I just bought 80 shares of Zoom at $101/share for a total cost basis of $8,008. A 1.25% position in my portfolio.

Now let’s rewind a take a look at how ridiculous my decision making has been with this company so far.

Zoom IPO Day: April 18 Bought 160 shares at $62.50 = $10,000: those shares are now worth $16,000 so that’s our comparison

Here is what I said at the time:

I added ZM despite it’s incredible 70%+ rise and its extremely high price to sales ratio that apparently even CEO Eric Yuan thinks is a bit excessive (NY Times article). He and many who are saying the company is overvalued right now are probably correct. I’m a big fan of this company and I plan to be an investor long term. I started a 2.5% position in the company so it is relatively small. I invested because I think this company will be much larger in 5-10 years than it is now and I wanted to have at least a small position.

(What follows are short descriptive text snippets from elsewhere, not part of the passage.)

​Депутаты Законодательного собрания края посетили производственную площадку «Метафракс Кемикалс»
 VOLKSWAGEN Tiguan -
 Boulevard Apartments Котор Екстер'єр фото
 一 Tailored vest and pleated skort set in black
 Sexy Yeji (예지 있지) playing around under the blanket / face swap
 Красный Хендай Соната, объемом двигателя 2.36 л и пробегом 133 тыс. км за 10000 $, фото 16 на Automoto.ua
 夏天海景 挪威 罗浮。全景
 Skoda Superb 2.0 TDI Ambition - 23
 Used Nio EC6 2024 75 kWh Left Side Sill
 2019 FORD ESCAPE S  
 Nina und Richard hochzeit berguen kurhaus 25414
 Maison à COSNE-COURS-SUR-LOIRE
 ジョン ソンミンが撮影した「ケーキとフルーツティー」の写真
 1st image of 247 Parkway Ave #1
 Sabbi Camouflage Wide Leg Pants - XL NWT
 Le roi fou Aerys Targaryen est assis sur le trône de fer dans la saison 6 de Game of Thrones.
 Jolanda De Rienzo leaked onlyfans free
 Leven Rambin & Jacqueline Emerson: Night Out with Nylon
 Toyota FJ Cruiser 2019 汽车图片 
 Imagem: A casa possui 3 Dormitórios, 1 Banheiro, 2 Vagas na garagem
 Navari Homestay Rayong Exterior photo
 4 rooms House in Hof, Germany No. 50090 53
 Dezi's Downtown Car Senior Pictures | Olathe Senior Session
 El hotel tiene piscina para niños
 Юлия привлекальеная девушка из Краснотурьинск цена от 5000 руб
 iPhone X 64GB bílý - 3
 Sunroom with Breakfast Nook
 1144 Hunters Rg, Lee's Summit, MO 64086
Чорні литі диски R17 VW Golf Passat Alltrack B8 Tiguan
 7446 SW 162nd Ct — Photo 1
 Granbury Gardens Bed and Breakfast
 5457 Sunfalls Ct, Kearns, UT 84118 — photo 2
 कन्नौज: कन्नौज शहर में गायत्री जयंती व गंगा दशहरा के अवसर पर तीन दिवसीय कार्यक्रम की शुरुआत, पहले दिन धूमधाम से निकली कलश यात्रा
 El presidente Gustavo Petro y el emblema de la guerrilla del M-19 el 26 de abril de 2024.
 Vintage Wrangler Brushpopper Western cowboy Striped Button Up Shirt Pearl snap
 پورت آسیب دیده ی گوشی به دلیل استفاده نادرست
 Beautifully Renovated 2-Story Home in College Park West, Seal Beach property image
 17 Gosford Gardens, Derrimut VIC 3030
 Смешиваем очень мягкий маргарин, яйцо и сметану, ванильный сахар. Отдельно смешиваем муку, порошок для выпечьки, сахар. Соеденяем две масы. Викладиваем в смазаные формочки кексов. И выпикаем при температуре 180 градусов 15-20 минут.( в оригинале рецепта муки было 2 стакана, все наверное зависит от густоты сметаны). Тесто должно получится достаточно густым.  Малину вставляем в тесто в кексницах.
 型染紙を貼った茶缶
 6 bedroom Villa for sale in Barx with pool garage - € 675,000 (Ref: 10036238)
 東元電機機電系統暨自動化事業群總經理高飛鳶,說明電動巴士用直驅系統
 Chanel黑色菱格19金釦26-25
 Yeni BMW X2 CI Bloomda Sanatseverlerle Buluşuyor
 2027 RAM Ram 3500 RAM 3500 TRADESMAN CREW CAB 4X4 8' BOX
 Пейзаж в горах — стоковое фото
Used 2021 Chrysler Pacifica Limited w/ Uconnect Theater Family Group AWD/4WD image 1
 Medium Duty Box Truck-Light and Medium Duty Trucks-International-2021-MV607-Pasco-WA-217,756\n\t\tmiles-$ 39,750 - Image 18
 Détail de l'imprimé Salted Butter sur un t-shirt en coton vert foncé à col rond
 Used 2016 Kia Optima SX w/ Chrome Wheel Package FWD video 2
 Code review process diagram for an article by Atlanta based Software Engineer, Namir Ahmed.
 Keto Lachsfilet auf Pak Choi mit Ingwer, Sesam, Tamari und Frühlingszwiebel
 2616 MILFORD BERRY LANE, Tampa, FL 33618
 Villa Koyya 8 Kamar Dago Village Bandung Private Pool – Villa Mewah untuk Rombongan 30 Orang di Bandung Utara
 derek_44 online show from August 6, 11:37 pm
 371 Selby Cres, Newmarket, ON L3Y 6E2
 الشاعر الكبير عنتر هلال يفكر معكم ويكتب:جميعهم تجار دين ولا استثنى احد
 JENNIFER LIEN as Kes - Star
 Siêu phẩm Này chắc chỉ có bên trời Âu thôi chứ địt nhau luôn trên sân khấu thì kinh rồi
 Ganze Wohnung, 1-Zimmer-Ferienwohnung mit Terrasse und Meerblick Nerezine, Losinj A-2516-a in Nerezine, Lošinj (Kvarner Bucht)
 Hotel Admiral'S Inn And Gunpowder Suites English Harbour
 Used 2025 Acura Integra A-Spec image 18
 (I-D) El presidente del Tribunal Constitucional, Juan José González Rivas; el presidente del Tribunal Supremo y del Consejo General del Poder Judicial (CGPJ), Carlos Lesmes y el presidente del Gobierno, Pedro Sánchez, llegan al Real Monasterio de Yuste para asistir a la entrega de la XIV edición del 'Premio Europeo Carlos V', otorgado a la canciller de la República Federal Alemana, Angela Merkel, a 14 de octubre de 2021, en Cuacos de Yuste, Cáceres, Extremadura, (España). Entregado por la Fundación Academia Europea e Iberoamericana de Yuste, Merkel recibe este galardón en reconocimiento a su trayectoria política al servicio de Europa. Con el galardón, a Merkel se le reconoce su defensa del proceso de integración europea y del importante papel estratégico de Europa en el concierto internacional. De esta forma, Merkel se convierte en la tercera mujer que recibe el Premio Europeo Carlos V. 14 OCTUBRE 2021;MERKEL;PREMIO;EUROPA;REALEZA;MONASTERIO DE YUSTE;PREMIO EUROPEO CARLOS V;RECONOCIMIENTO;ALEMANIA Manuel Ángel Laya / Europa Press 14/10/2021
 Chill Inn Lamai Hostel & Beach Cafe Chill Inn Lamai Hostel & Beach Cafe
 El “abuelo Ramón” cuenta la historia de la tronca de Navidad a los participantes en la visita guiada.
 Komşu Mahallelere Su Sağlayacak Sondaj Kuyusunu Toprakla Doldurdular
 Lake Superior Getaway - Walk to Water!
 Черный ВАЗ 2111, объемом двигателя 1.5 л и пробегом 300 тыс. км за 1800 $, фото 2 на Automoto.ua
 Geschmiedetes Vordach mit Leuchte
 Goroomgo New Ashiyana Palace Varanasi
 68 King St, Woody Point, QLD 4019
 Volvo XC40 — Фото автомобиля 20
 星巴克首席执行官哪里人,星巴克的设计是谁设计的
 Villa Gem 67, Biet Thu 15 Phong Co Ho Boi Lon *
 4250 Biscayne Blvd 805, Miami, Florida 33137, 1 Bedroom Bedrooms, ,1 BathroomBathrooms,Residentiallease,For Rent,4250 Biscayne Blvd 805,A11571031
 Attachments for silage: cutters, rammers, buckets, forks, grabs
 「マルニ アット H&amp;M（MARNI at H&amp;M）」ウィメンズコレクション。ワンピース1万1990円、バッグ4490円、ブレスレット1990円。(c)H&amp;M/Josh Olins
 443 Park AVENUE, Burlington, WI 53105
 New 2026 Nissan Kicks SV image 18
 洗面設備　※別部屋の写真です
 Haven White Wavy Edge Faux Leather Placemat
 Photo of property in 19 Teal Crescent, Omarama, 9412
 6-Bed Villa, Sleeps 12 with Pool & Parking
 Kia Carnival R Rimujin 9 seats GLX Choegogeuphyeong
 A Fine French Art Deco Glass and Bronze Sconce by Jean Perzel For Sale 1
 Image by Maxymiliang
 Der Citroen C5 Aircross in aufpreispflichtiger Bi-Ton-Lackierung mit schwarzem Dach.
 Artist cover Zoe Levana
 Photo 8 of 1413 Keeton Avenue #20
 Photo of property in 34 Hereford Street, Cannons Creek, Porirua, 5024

April 22: Sold 160 shares at $59.04 = $9,446. So I was at -$554 with Zoom. A 5% loss.

Here is what I said at the time:

I think an important part of investing (and life) is to be able to admit when we're wrong. Or at least when we made a bad decision.

I love Zoom's business but I like many others think it's too expensive and the risk/reward is not worth it at this point.

I am confident I'll own shares at some point, but will wait for some volatility either in the market or in ZM individually to buy.

There are a lot of other great businesses with a bit slower growth but much lower Price to Sales ratios.

Keeping the proceeds in cash for now to see if we get that volatility soon.

So then I decided to get “smart” and sell two $75 Strike August 16,2019 Puts. This meant that if Zoom went lower than $75 before August 16, I would be obligated to buy 200 shares at $75 because each contract represents 100 shares. I was paid a premium of $10.5 for each contract so $2,100 total.

May 10: SOLD 2 ZM Aug16'19 75 PUT @ 10.5

But then I got scared for whatever reason and wanted a lower strike price. To get that, I had to buy back the Puts I sold with a $75 strike and sell new Puts at $70.

May 13: BOUGHT 2 ZM Aug16'19 75 PUT @ 12

So I had sold the $75 Puts for a total of $2,100 and bought them back for a total of $2,400. My total loss on Zoom at this point (adding my loss from the shares back in) at this point was $854.

May 14: SOLD 2 ZM Aug16'19 70 PUT @ 8.49 

On June 6, I got really foolish and decided to try some short-term earnings based options gambles. I figured the stock would move a lot in one direction or the other so I wanted to try and profit from that volatility. Before doing that, I wanted to purchase the $70 Puts I had sold to get rid of that obligation to buy shares if they dropped significantly.

June 6: BOUGHT 2 ZM Aug16'19 70 PUT @ 6.4 

I sold those puts on May 14 for $1,698 and bought them back (closed them) on June 6 for $1,280. This brings my total loss on Zoom down from $854 to $436.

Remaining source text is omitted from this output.